I wasn’t able to get the camera from the Hesperia Star office, as Main Street being closed diverted most people on the south end of town onto Olive Street (which I normally use as the nearly empty alternative to Main Street), including an awful lot of apparently frustrated little old ladies. Today was the first time I had someone in her 70s willfully blast through a stop sign in front of me to get wherever it is septuagenarians blast off to on Saturday mornings.
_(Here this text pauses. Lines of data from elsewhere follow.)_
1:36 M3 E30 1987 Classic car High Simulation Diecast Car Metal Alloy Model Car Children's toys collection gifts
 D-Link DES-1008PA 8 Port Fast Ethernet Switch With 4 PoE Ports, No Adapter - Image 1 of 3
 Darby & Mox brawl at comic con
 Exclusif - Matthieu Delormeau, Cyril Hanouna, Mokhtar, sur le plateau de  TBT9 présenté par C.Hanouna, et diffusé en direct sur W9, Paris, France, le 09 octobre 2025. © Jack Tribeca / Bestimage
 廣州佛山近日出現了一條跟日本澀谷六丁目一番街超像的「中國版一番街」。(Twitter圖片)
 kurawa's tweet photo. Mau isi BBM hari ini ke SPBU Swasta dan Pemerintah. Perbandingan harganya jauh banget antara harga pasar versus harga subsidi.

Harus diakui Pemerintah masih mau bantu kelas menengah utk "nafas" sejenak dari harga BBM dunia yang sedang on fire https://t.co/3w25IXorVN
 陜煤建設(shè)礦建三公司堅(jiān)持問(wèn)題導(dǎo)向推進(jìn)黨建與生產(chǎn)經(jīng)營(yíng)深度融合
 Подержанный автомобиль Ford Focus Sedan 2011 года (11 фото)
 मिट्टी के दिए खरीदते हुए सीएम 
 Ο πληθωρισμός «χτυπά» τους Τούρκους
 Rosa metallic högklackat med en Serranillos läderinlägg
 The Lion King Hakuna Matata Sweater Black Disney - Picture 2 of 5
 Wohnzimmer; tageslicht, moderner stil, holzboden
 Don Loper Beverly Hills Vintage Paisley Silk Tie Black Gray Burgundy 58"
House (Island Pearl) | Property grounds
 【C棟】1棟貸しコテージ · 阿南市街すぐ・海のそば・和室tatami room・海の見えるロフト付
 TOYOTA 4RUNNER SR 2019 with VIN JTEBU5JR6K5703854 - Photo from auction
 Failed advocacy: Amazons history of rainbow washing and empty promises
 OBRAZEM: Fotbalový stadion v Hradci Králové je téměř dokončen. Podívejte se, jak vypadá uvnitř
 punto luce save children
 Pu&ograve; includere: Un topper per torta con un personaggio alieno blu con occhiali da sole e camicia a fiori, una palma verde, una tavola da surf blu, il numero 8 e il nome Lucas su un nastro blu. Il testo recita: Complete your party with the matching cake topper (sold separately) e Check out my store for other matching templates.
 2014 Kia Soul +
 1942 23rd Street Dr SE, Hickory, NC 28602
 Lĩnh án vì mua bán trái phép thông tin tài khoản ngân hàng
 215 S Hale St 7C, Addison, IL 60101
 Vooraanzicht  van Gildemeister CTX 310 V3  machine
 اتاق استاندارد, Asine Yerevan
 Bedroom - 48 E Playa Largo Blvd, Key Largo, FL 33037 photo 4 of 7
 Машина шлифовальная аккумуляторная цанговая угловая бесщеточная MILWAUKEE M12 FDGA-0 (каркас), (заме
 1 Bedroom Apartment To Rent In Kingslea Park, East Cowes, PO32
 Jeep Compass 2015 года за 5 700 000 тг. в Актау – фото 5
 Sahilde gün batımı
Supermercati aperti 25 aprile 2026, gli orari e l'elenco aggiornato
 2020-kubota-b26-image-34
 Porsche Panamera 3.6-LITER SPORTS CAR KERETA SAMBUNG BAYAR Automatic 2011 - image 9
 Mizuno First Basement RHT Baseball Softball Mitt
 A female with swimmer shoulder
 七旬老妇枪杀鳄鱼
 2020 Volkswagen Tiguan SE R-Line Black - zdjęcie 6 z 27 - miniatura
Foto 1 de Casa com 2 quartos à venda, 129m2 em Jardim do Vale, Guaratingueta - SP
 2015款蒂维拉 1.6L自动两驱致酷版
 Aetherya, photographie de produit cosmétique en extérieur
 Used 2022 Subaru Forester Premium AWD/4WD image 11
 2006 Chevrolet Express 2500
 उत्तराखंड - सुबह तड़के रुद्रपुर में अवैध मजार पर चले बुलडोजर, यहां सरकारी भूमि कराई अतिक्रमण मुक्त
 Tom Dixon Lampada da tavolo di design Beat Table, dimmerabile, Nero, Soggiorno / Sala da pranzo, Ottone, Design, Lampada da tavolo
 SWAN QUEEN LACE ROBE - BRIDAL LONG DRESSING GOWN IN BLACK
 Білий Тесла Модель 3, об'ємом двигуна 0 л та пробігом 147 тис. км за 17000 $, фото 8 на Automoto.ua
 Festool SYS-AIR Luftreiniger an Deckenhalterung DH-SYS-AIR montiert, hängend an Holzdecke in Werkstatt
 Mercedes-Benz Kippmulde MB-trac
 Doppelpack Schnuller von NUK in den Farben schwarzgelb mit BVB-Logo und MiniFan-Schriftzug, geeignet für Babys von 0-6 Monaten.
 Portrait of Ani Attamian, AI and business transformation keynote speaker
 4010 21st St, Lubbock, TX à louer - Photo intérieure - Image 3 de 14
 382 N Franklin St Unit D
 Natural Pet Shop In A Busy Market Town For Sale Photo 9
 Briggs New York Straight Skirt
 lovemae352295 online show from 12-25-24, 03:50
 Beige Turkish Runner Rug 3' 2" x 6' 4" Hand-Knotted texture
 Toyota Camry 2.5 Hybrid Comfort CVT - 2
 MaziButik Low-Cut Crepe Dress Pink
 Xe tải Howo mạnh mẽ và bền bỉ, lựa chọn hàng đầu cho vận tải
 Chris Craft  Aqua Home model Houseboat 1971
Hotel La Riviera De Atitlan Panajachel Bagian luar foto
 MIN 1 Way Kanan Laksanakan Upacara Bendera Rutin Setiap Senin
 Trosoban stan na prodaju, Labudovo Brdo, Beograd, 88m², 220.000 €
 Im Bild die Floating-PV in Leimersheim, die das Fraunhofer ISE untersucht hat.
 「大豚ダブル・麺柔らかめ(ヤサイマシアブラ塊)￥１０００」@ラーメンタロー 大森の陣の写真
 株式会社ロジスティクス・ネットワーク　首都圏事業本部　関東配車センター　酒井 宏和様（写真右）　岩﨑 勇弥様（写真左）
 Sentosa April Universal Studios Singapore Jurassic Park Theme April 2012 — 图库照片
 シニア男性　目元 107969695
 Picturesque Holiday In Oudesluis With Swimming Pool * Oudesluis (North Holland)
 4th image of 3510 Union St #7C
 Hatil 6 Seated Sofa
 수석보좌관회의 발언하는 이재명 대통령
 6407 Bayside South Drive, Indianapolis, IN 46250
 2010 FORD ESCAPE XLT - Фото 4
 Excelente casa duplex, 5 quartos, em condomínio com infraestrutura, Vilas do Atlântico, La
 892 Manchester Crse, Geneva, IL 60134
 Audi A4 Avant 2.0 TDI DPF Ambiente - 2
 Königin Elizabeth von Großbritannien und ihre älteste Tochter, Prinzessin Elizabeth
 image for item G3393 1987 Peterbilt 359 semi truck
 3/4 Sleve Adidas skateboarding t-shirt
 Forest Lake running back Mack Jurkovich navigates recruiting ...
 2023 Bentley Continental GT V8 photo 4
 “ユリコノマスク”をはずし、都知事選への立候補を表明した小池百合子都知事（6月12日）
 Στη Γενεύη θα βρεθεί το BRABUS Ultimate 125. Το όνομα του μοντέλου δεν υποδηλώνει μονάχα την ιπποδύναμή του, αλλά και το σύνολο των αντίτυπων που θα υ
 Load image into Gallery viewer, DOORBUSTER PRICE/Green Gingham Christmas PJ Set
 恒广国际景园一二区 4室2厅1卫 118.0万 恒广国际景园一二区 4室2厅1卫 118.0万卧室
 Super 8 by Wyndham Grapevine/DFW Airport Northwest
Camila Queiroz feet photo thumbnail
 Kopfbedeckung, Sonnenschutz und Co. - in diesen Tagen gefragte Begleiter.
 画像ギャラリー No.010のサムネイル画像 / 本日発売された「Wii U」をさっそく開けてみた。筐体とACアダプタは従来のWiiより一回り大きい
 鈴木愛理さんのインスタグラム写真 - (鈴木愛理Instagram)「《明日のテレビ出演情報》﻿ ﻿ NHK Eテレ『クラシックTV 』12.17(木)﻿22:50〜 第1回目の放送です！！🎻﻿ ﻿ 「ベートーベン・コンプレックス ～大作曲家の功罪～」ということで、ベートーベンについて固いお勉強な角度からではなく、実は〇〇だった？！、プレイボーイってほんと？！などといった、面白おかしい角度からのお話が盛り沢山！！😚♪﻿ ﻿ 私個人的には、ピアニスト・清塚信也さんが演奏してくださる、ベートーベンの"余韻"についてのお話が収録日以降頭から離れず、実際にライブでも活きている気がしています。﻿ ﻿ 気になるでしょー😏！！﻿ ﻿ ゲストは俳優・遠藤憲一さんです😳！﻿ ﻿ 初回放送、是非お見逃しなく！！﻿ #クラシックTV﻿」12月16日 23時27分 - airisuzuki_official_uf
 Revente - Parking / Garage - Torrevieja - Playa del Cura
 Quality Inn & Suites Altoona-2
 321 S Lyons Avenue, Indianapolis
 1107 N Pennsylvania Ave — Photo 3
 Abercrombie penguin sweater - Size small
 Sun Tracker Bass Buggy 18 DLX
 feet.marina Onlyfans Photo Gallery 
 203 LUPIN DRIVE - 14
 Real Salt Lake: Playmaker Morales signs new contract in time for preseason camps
But me, Peter, Daily Press ad honcho Kevin Rigney and his wife all piled into a 1959 Ford Thunderbird convertible driven by a friend of a Daily Press employee, and dutifully beauty pageant waved our way down Main Street, followed by several trash trucks from Advance Disposal (which may or may not have been an editorial comment on our work, I’m not sure), who blasted their horns more or less non-stop for 90 minutes.
The Kiwanis Club of Hesperia has been running this parade for a number of years now, and it shows. As we went down Main Street at a stately 5 to 10 miles per hour, we passed a number of Kiwanis announcers, who let the hundreds, maybe thousands in attendance know who each of the floats were.
There were some nice surprises there: While I might expect the announcers to have something nice to say about everyone in the parade, we had several people wave to get our attention and yell how much they like the paper. The Daily Press commissioned a comprehensive readership study earlier this year, so I know what the numbers say about our readership (all very good stuff, although I think it’s probably proprietary info that I can’t share here), but plenty of people don’t necessarily like the paper they read. It’s nice to know that at least a few Hesperians appreciate and maybe even enjoy what we’re doing.
Next year, if I do this again, I’m wearing my Hesperia Star baseball cap, though. I’ve got a pretty serious sunburn.